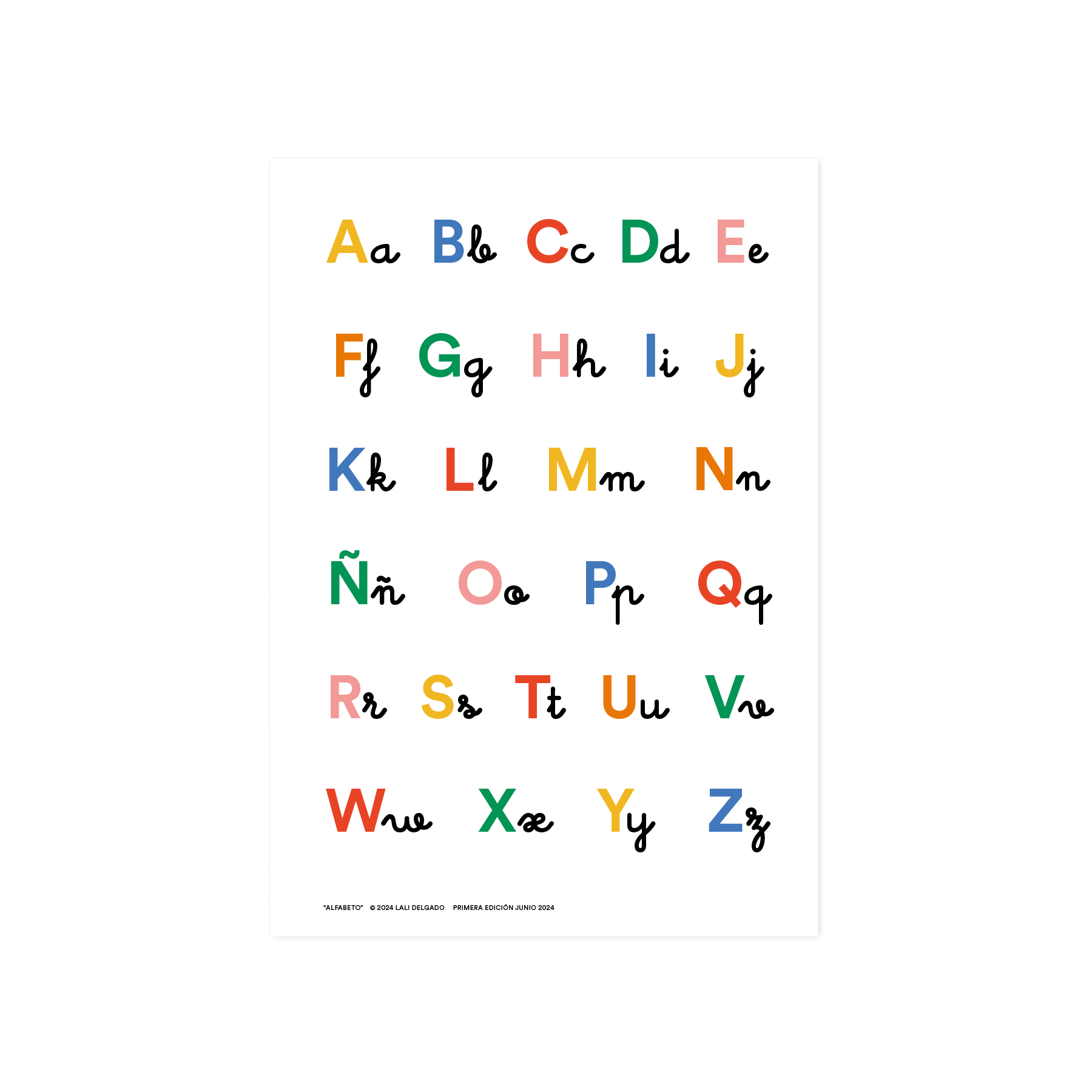 Póster educativo "Alfabeto", A3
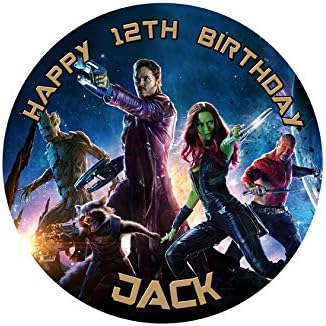 7.5" Galaxy Personalized Cake Topper Icing Sugar Paper 7.5" image 3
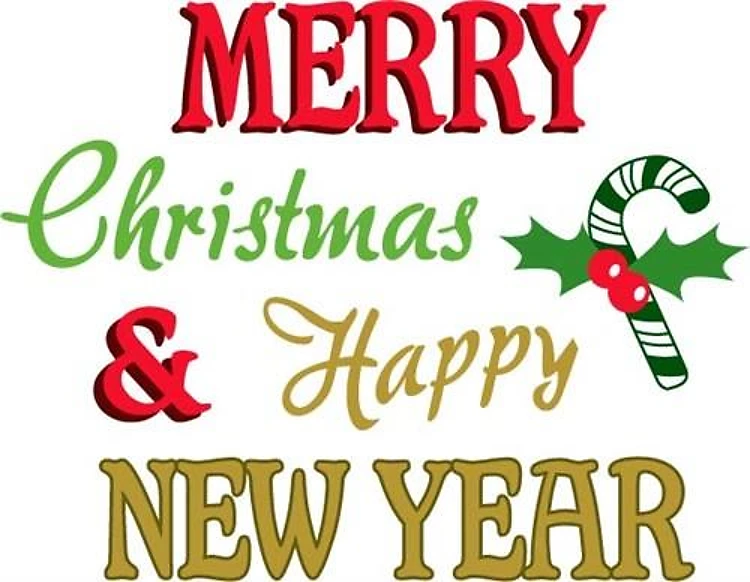 MERRY CHRISTMAS HAPPY NEW YEAR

WHAT THE EXERCISE ASKS:
What is needed is a verbatim copy of the lines from the line with "Galaxy Personalized Cake" through the last line of the listing, pictures excluded.

FINAL ANSWER:
 7.5" Galaxy Personalized Cake Topper Icing Sugar Paper 7.5" image 3
 MERRY CHRISTMAS HAPPY NEW YEAR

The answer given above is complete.